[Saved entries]
--*--

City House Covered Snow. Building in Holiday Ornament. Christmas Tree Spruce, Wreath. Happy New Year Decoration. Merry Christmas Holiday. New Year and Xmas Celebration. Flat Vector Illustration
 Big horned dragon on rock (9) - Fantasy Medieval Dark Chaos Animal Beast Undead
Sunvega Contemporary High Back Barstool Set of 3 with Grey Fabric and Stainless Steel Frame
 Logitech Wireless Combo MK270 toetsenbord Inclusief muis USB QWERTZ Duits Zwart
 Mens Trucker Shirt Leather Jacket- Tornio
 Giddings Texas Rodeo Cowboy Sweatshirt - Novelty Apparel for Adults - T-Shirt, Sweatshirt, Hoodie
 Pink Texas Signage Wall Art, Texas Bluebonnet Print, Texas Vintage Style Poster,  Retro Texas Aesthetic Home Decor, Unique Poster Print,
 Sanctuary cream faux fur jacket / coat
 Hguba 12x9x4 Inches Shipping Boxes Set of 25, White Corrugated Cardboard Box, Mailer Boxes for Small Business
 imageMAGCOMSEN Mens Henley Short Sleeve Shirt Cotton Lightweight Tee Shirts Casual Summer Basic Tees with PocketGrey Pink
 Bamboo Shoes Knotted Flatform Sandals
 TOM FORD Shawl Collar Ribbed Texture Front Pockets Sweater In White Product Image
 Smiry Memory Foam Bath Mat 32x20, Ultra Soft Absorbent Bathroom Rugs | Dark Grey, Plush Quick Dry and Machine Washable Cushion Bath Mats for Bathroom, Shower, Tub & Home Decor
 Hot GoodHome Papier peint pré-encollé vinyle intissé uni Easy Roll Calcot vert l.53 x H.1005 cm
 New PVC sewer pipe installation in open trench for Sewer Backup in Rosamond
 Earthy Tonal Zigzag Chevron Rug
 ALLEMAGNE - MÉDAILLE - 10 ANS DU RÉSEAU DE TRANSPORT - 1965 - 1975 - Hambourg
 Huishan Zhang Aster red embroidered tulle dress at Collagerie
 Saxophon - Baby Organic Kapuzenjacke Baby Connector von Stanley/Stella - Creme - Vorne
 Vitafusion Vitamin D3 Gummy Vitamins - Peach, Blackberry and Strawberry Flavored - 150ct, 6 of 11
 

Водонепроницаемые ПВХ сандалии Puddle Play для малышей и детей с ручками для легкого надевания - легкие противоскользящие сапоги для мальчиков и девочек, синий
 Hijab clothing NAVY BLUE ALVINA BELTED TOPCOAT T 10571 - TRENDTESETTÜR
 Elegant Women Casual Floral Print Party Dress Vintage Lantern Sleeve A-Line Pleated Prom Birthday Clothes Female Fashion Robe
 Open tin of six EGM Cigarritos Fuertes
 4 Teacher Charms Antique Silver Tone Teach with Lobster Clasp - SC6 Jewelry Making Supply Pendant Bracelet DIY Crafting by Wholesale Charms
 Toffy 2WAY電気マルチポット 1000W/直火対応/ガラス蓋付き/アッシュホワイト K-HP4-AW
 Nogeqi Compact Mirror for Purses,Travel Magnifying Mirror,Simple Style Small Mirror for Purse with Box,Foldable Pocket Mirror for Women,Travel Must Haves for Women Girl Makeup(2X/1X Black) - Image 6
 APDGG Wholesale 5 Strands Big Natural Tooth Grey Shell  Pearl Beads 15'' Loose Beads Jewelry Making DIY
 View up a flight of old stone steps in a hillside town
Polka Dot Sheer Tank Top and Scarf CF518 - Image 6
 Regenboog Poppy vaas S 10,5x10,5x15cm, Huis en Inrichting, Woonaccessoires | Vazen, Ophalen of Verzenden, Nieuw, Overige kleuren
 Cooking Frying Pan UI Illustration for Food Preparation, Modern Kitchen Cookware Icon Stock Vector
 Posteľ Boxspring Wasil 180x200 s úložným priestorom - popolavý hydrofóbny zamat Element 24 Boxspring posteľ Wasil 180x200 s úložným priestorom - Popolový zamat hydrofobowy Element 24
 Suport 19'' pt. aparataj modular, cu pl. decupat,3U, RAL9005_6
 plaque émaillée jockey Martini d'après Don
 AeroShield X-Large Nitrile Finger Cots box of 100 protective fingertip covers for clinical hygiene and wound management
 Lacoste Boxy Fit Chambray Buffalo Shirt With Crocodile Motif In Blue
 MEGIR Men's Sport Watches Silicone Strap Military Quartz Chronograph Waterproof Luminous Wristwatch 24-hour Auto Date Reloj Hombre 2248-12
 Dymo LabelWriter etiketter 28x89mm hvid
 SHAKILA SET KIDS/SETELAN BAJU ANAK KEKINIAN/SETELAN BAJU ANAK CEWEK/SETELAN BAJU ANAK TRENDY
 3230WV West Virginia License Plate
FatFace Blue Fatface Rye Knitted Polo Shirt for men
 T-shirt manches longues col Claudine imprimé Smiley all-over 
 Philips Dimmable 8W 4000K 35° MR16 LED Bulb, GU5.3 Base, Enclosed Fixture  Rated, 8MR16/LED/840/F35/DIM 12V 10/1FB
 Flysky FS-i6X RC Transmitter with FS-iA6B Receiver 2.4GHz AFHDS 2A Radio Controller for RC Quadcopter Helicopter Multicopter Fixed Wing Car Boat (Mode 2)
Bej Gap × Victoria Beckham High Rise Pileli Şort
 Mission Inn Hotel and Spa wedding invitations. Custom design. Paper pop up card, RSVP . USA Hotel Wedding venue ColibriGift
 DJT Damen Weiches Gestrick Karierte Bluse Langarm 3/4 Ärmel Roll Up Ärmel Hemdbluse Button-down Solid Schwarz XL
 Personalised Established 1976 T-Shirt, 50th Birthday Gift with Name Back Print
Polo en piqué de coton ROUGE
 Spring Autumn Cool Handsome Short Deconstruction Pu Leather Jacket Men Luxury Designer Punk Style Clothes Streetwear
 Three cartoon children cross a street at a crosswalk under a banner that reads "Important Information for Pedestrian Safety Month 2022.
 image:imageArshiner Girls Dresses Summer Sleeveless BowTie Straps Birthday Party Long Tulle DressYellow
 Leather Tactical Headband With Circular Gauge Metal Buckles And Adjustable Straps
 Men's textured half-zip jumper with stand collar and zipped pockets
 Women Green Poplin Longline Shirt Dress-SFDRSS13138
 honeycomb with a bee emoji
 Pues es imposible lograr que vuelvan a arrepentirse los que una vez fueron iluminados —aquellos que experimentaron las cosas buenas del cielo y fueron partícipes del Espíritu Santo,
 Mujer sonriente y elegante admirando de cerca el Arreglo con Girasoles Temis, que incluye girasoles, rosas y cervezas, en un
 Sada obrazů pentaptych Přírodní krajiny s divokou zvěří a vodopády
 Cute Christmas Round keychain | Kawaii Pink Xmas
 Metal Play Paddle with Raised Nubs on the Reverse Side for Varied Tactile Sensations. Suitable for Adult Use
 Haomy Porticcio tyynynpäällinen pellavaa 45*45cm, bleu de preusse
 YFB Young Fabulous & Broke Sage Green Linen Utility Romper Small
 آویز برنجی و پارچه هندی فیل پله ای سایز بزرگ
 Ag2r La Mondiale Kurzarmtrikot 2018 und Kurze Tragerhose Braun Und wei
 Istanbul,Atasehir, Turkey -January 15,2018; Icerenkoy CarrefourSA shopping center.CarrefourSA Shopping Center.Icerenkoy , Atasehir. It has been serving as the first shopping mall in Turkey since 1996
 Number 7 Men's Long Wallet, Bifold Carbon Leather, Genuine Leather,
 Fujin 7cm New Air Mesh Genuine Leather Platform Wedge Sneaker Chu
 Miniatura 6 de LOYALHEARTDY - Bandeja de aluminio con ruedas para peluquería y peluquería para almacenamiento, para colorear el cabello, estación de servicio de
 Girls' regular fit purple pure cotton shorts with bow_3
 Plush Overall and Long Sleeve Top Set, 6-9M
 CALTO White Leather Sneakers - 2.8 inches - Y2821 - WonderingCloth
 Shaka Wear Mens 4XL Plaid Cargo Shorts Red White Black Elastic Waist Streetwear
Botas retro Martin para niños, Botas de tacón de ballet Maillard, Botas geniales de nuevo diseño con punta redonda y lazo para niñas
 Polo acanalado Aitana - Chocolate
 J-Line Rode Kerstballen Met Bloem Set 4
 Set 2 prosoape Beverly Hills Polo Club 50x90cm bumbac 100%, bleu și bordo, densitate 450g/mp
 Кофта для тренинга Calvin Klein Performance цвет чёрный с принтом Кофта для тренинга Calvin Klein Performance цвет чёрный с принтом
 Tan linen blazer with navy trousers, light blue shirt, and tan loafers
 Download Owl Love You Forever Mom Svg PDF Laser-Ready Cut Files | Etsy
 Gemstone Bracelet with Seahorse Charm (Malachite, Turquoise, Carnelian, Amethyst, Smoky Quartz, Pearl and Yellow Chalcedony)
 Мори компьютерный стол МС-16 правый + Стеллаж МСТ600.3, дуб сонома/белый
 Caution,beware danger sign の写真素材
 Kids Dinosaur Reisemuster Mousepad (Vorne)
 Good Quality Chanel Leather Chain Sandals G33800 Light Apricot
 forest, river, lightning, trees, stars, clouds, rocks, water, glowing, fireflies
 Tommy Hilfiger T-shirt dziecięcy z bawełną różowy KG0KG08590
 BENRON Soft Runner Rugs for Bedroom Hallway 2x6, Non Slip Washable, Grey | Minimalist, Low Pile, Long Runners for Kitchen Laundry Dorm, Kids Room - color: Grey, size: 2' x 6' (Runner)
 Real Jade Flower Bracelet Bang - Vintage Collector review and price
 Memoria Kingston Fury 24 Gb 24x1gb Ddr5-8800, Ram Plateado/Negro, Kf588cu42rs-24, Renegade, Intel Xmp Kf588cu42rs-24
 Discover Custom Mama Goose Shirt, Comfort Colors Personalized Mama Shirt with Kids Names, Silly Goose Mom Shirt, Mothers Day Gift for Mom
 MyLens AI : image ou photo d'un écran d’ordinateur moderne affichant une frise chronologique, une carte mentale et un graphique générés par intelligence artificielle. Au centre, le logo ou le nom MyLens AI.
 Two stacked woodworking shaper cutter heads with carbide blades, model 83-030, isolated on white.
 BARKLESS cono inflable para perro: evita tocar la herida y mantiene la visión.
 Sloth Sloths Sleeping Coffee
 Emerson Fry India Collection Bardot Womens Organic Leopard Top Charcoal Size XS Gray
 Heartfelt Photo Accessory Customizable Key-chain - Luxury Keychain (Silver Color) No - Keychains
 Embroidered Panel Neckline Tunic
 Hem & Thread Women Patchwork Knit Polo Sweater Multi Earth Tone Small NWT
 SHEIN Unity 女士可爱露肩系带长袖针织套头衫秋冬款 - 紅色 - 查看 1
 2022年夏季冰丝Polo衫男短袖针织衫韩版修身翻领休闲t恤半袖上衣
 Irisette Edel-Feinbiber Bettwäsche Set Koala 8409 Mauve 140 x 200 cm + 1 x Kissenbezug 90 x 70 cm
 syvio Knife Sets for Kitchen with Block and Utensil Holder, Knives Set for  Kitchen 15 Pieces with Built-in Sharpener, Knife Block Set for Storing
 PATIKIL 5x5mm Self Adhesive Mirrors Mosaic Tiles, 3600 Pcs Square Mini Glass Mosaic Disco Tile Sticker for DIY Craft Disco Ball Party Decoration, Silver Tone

--*--

## PROBLEM DESCRIPTION
The lines to return begin at the first line of the records and end at the line holding "Giddings Texas Rodeo"; please return them exactly, including both, and nothing beyond.

## RESPONSE TO THIS EXERCISE
City House Covered Snow. Building in Holiday Ornament. Christmas Tree Spruce, Wreath. Happy New Year Decoration. Merry Christmas Holiday. New Year and Xmas Celebration. Flat Vector Illustration
 Big horned dragon on rock (9) - Fantasy Medieval Dark Chaos Animal Beast Undead
Sunvega Contemporary High Back Barstool Set of 3 with Grey Fabric and Stainless Steel Frame
 Logitech Wireless Combo MK270 toetsenbord Inclusief muis USB QWERTZ Duits Zwart
 Mens Trucker Shirt Leather Jacket- Tornio
 Giddings Texas Rodeo Cowboy Sweatshirt - Novelty Apparel for Adults - T-Shirt, Sweatshirt, Hoodie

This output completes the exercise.